[Data entries]
####

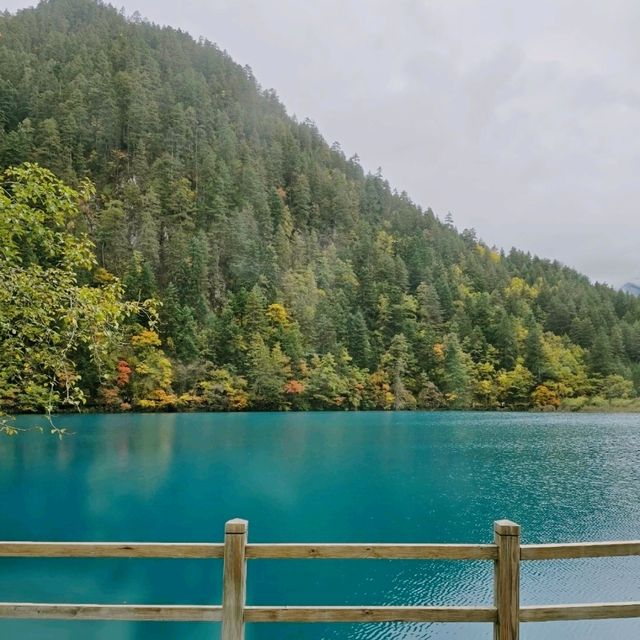 ที่นี่จิ่วจ้ายโกว : ธรรมชาติแดนมังกร 🏞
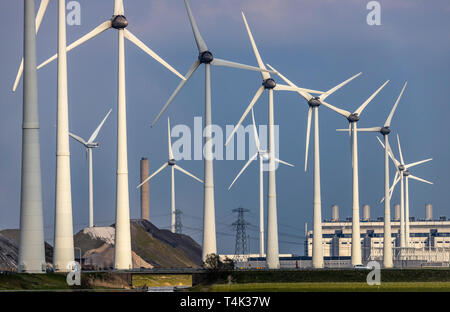 E Westereems Growind wind farm, per un totale di oltre 80 turbine eoliche, a Eemshaven seaport, provincia di Groningen, nel nord-ovest del Paesi Bassi, a Foto Stock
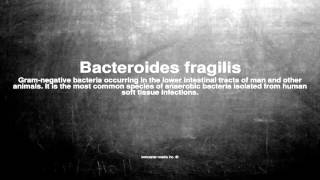 Medical vocabulary What does Bacteroides fragilis mean [upl. by Willtrude]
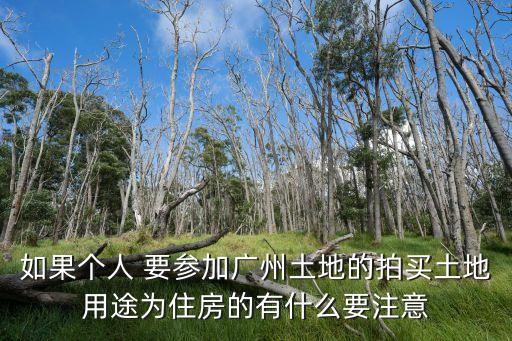 廣州數(shù)博大道土地拍賣，如果個(gè)人要參加廣州土地的拍買土地用途為住房的有什么要注意的謝謝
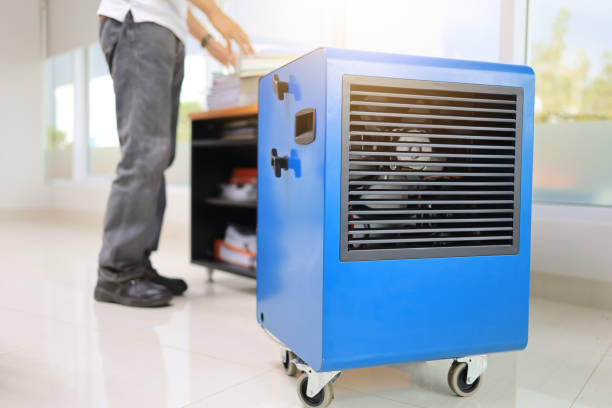 Best Biohazard Mold Removal  in Alamo, NV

####

Would you return all of the data above word for word, omitting every picture?

 ที่นี่จิ่วจ้ายโกว : ธรรมชาติแดนมังกร 🏞
 E Westereems Growind wind farm, per un totale di oltre 80 turbine eoliche, a Eemshaven seaport, provincia di Groningen, nel nord-ovest del Paesi Bassi, a Foto Stock
 Medical vocabulary What does Bacteroides fragilis mean [upl. by Willtrude]
 廣州數(shù)博大道土地拍賣，如果個(gè)人要參加廣州土地的拍買土地用途為住房的有什么要注意的謝謝
 Best Biohazard Mold Removal  in Alamo, NV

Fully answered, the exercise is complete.